Ignoring Corporation Tax already paid. Dividends come from post-tax company profit. Quoting only the personal dividend rate understates your real burden as a business owner.

Missing the 5 October registration deadline. If you owe dividend tax and don’t already file Self Assessment, tell HMRC by 5 October following the tax year — even a small liability can trigger a penalty if you miss it.

Assuming dividends work like salary for expenses. You can’t deduct expenses against dividend income. It’s taxed on the full amount received, with only the allowances above to offset it.

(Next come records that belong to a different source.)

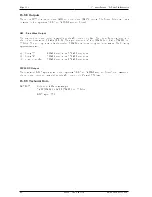 Preview for 132 page of Meinberg LANTIME M600 MRS User Manual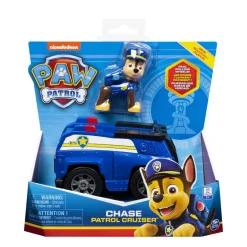Voertuig Met Pup Chase|Paw Patrol New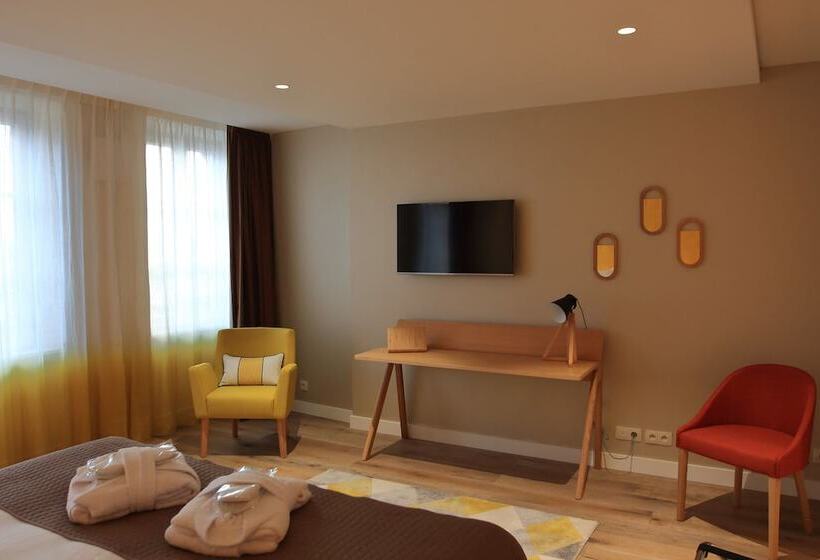 민박 La Villa Dolce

Frequently Asked Questions

How much dividend can I pay myself tax-free in 2026/27? Up to £13,070 if dividends are your only income — £12,570 Personal Allowance plus £500 dividend allowance. If salary or pension already uses your Personal Allowance, only £500 remains tax-free.

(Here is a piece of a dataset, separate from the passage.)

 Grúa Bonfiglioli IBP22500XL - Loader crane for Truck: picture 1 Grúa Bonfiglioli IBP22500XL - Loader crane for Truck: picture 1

What are the dividend tax rates for 2026/27? 10.75% basic rate, 35.75% higher rate, 39.35% additional rate, applied above your allowances.

Does the dividend allowance reduce my Personal Allowance? No. They’re separate and work together — the dividend allowance applies only to dividends, on top of whatever Personal Allowance is left after other income.

How do I report dividend income under £10,000? Registration isn’t automatic below £10,000, but contact HMRC by 5 October after the tax year ends; it can usually collect what’s owed through your PAYE tax code.

Do I pay National Insurance on dividends? No — one reason many directors take a low salary and top up with dividends.

Are dividends from ISA shares taxable? No. Dividends inside a Stocks and Shares ISA are completely tax-free and don’t need reporting, regardless of amount.

Do dividend tax rates differ in Scotland? No. Scottish bands apply to salary, but dividend tax follows the same UK-wide rates and thresholds shown in this guide.

This article is for general guidance only and reflects UK tax rules for the 2026/27 tax year as confirmed at Autumn Budget 2025. It isn’t personal tax advice. Speak to a qualified accountant or tax adviser about your specific circumstances before making decisions based on it.